------ DATA SECTION ------

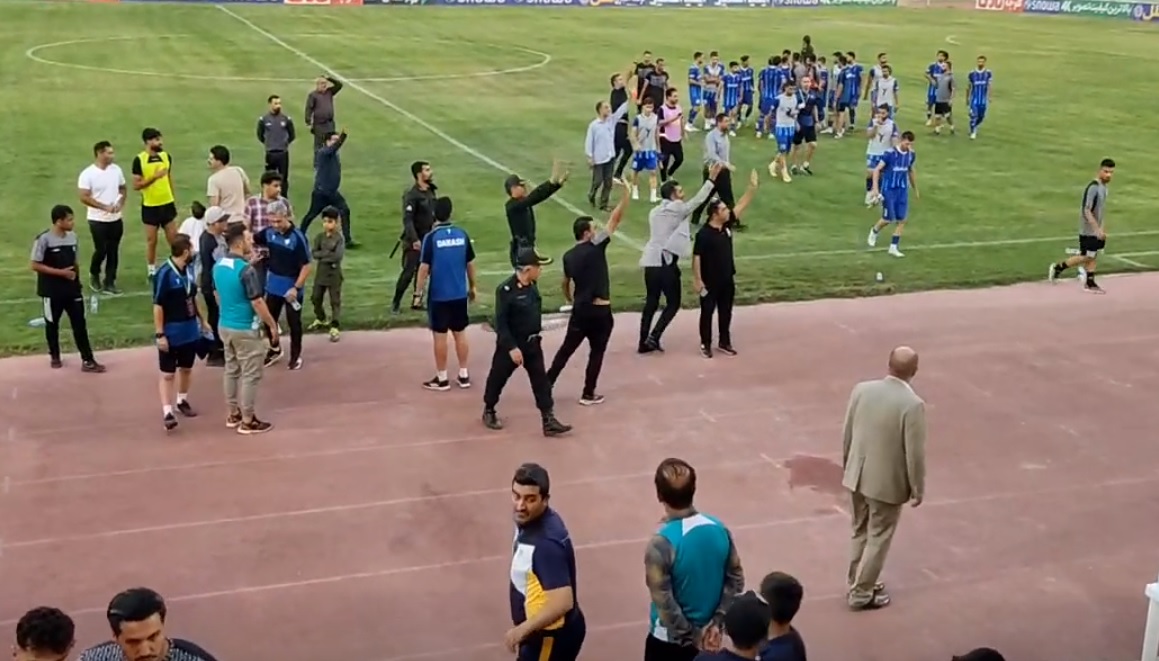 جنجال در فوتبال ایران؛ حمله به داور و نیمه‌تمام ماندن بازی! +ویدیو
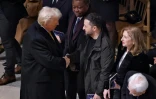 Le président élu américain Donald Trump et le président ukrainien Volodymyr Zelensky à la cérémonie de réouverture de Notre-Dame de Paris le 7 décembre 2024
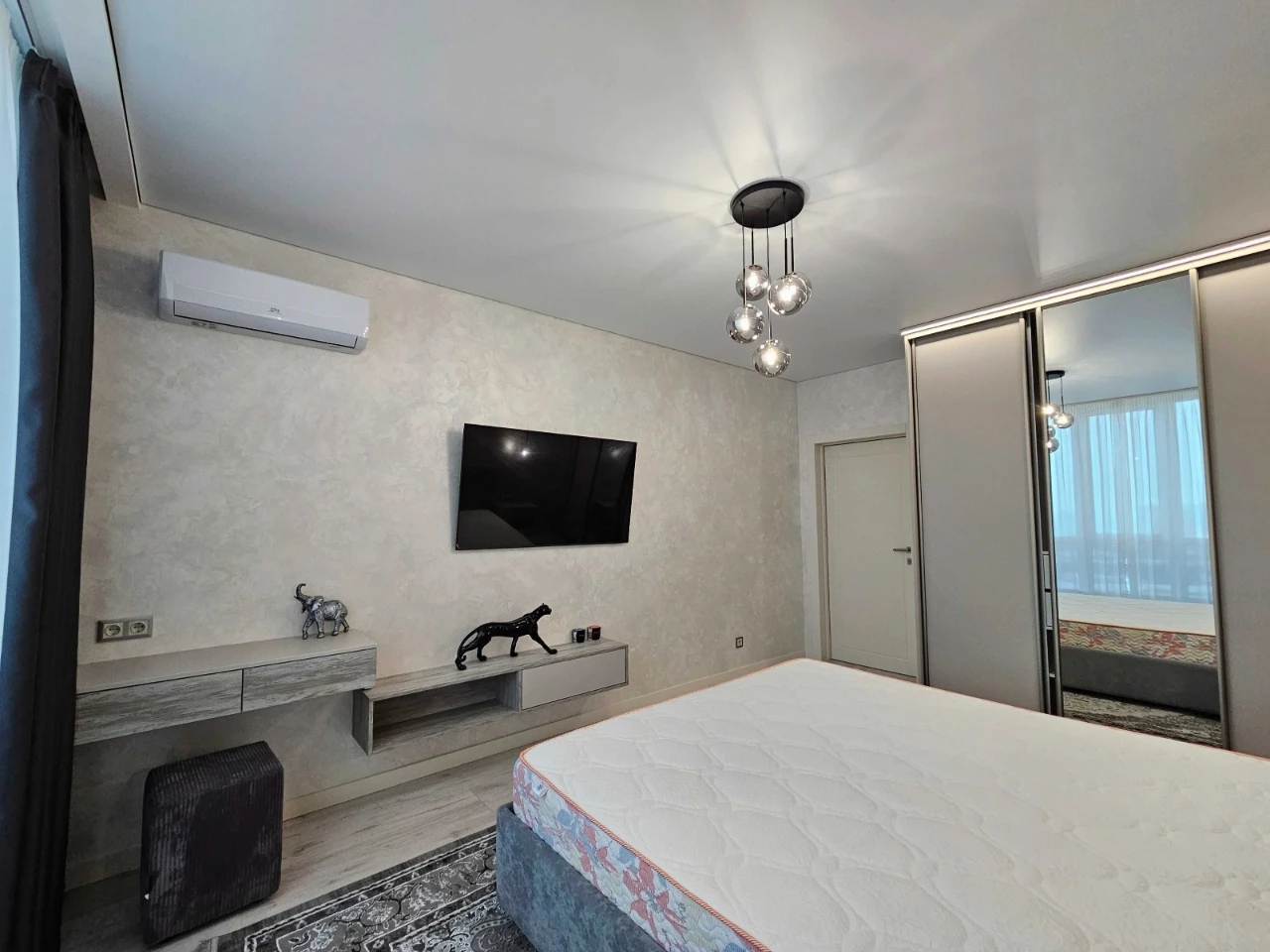 Оренда двокімнатної квартири studio 50m2 ЖК Багговутівський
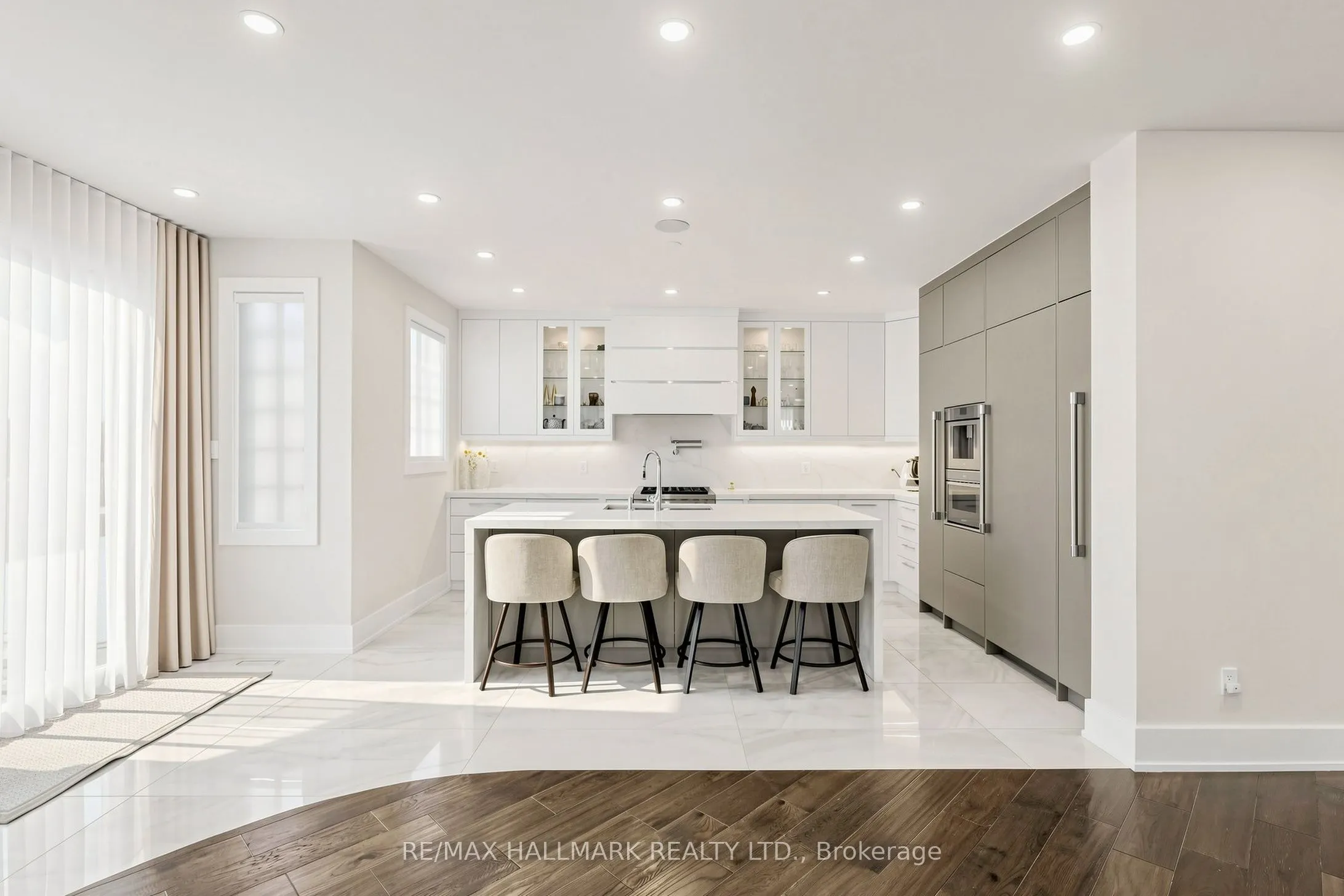 63 Willett Crescent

------

» **WORK REQUEST**
Copy each line above precisely, dropping the pictures.

» **WRITTEN RESPONSE**
 جنجال در فوتبال ایران؛ حمله به داور و نیمه‌تمام ماندن بازی! +ویدیو
 Le président élu américain Donald Trump et le président ukrainien Volodymyr Zelensky à la cérémonie de réouverture de Notre-Dame de Paris le 7 décembre 2024
 Оренда двокімнатної квартири studio 50m2 ЖК Багговутівський
 63 Willett Crescent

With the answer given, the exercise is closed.